## Your task:
Output the data below exactly, images excluded.

## Data to examine:
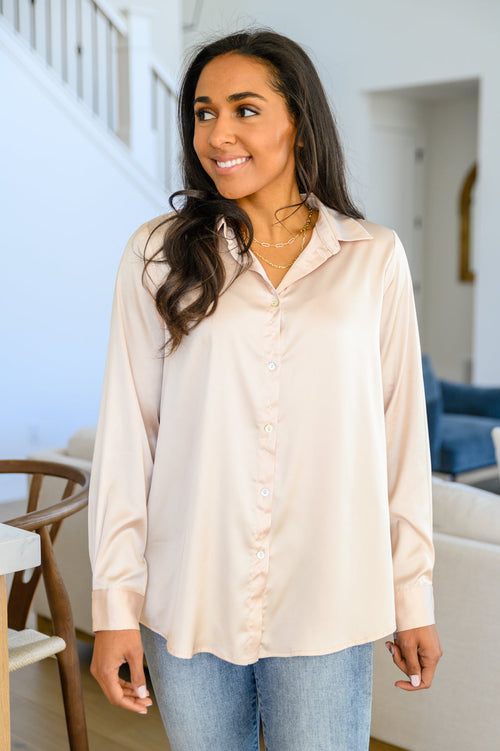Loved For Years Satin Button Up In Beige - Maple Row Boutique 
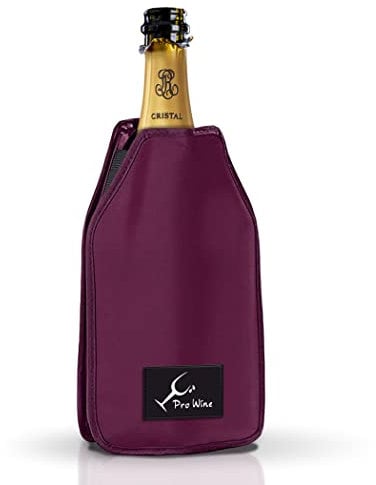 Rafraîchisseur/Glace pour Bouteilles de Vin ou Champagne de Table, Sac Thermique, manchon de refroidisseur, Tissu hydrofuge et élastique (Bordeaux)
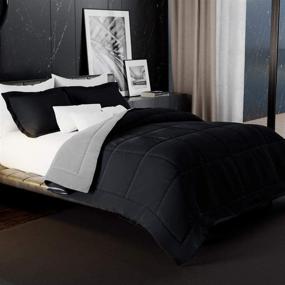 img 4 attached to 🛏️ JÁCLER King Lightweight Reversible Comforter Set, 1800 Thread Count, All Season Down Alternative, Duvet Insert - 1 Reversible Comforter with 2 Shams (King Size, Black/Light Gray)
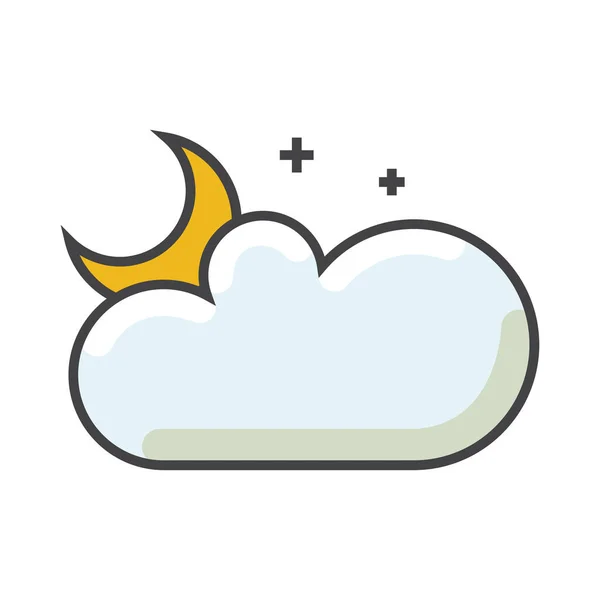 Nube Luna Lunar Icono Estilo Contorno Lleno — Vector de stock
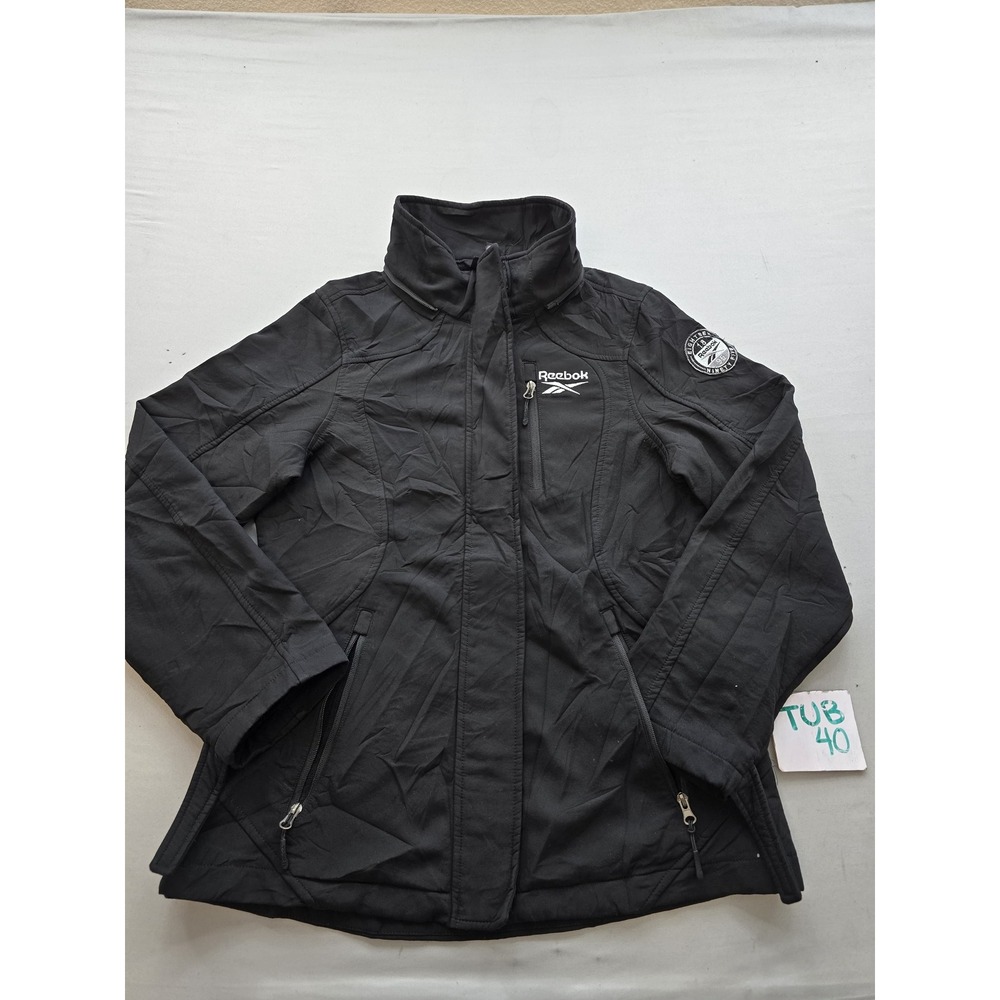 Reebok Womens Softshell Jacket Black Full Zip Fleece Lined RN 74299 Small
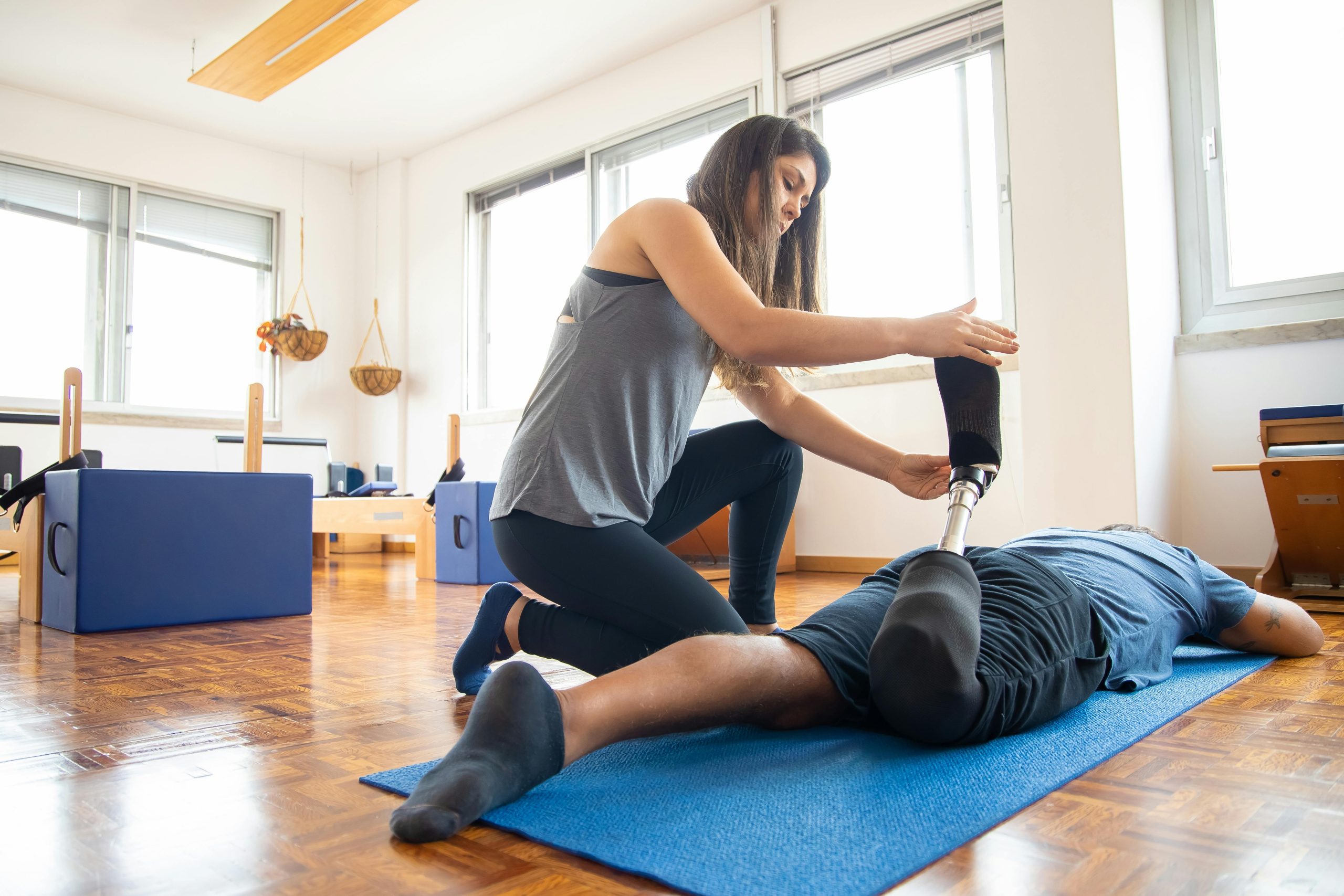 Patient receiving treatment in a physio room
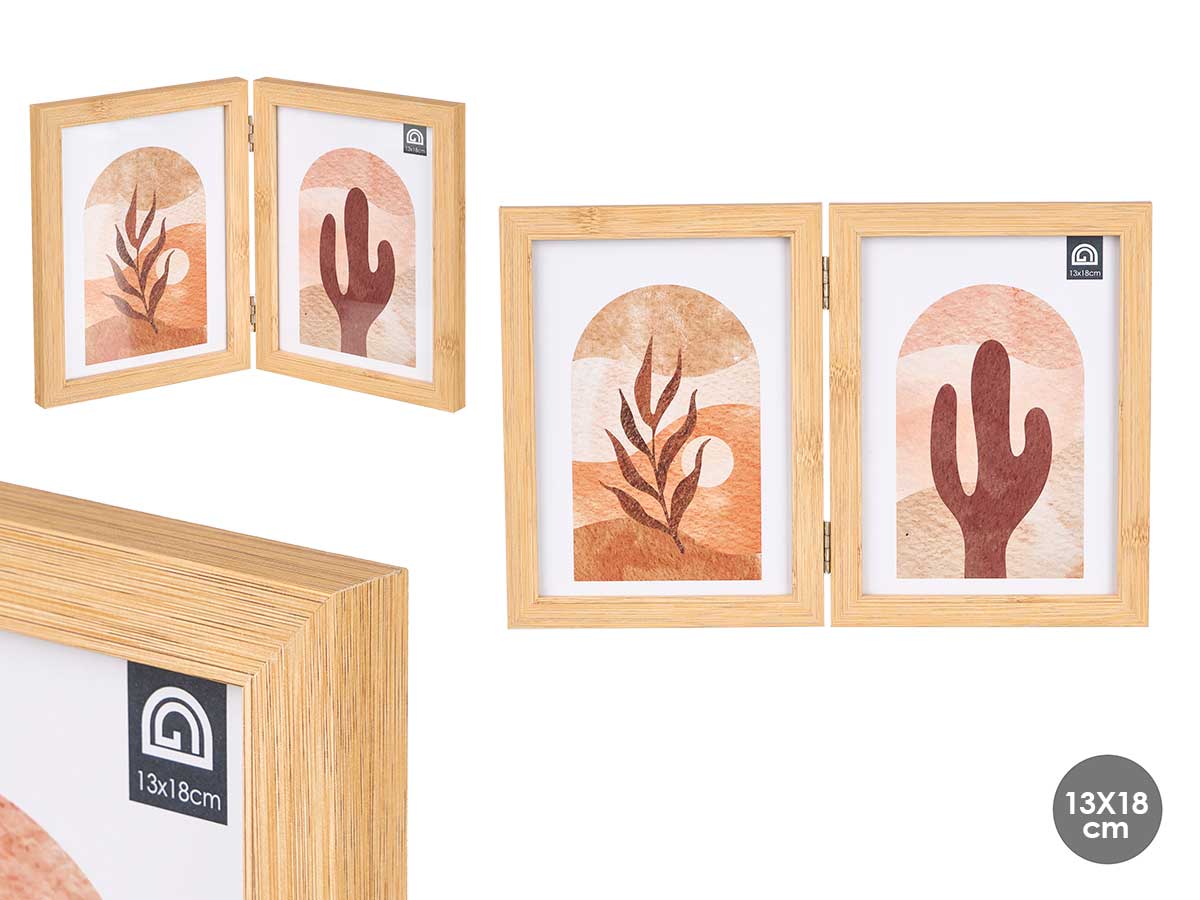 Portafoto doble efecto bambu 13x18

## Response to this task:
Loved For Years Satin Button Up In Beige - Maple Row Boutique 
 Rafraîchisseur/Glace pour Bouteilles de Vin ou Champagne de Table, Sac Thermique, manchon de refroidisseur, Tissu hydrofuge et élastique (Bordeaux)
 img 4 attached to 🛏️ JÁCLER King Lightweight Reversible Comforter Set, 1800 Thread Count, All Season Down Alternative, Duvet Insert - 1 Reversible Comforter with 2 Shams (King Size, Black/Light Gray)
 Nube Luna Lunar Icono Estilo Contorno Lleno — Vector de stock
 Reebok Womens Softshell Jacket Black Full Zip Fleece Lined RN 74299 Small
 Patient receiving treatment in a physio room
 Portafoto doble efecto bambu 13x18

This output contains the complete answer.